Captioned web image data

****************

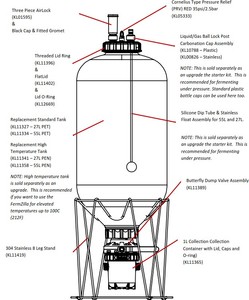 Nhựa PET Homebrew Fermenter 27L Cấp Thực Phẩm - Product Image 2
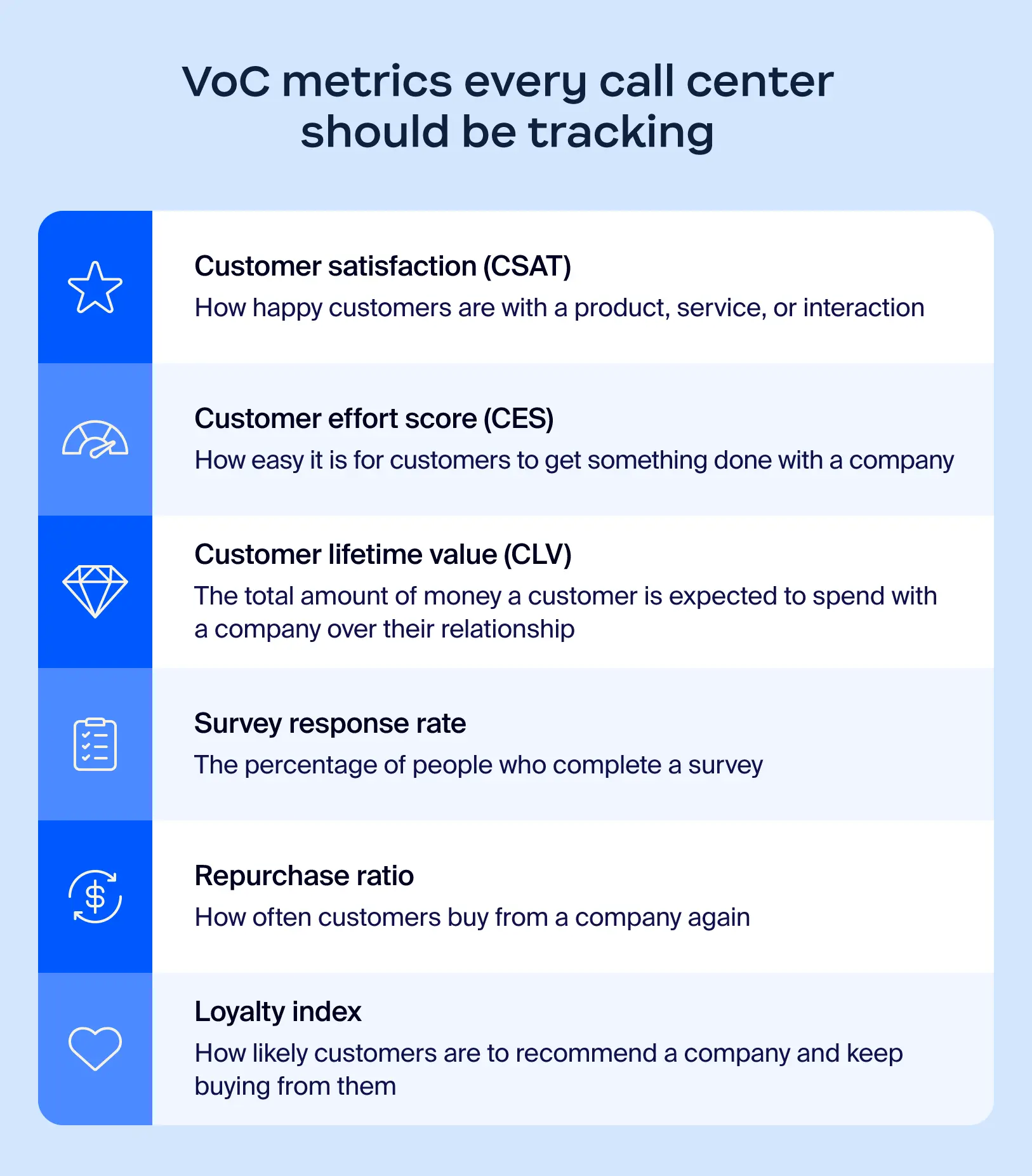 List of voice of the customer metrics call center managers should be tracking
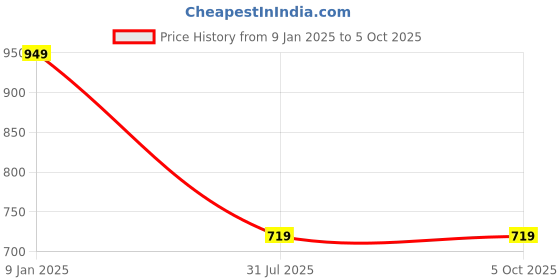 tatacliq.com VASTRAMAY Kids Maroon & Golden Self Pattern Nehru Jacket vastramay Price History Graph from 9 Jan 2025 to 5 Oct 2025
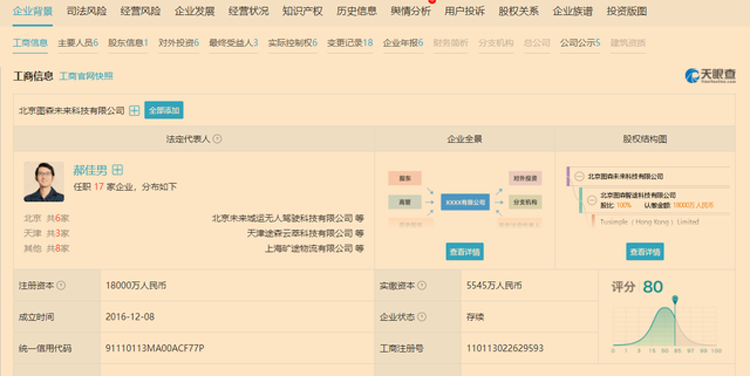 自動駕駛，一場關(guān)于信任的戰(zhàn)爭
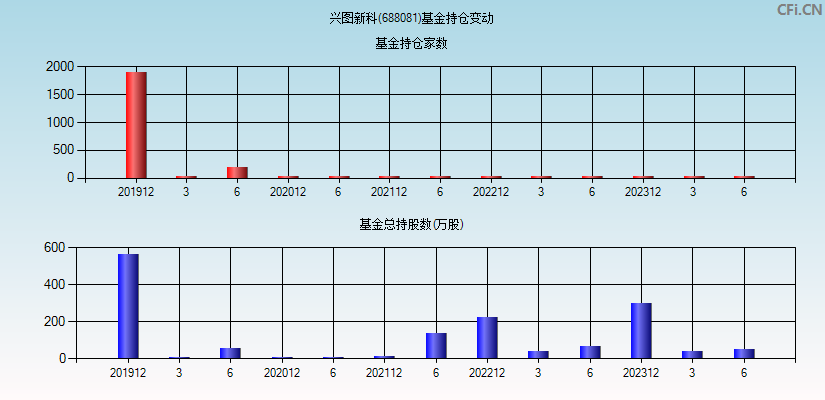 兴图新科(688081)基金持仓变动图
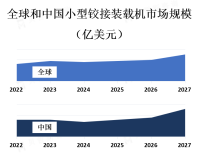 建筑和土方工程行业的增长以及对高效、灵活的装载机需求的增加，带动小型铰接装载机市场增长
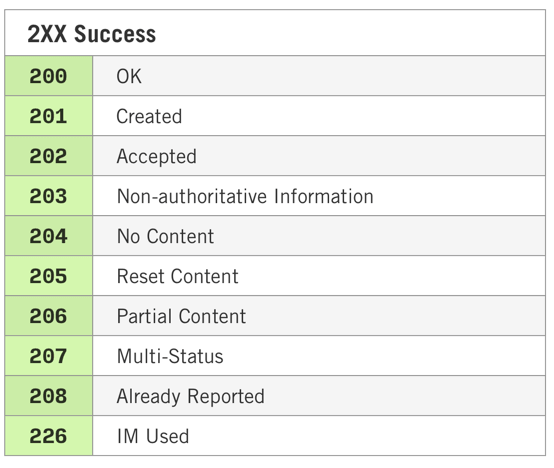 http-2xx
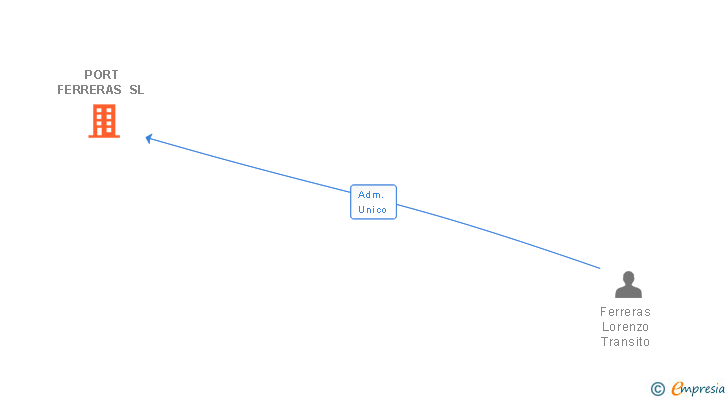 Vinculaciones societarias de PORT FERRERAS SL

****************

WORK REQUIRED:
Only the records, copied exactly and without pictures, should make up the answer.

PROBLEM SOLUTION:
 Nhựa PET Homebrew Fermenter 27L Cấp Thực Phẩm - Product Image 2
 List of voice of the customer metrics call center managers should be tracking
 tatacliq.com VASTRAMAY Kids Maroon & Golden Self Pattern Nehru Jacket vastramay Price History Graph from 9 Jan 2025 to 5 Oct 2025
 自動駕駛，一場關(guān)于信任的戰(zhàn)爭
 兴图新科(688081)基金持仓变动图
 建筑和土方工程行业的增长以及对高效、灵活的装载机需求的增加，带动小型铰接装载机市场增长
 http-2xx
 Vinculaciones societarias de PORT FERRERAS SL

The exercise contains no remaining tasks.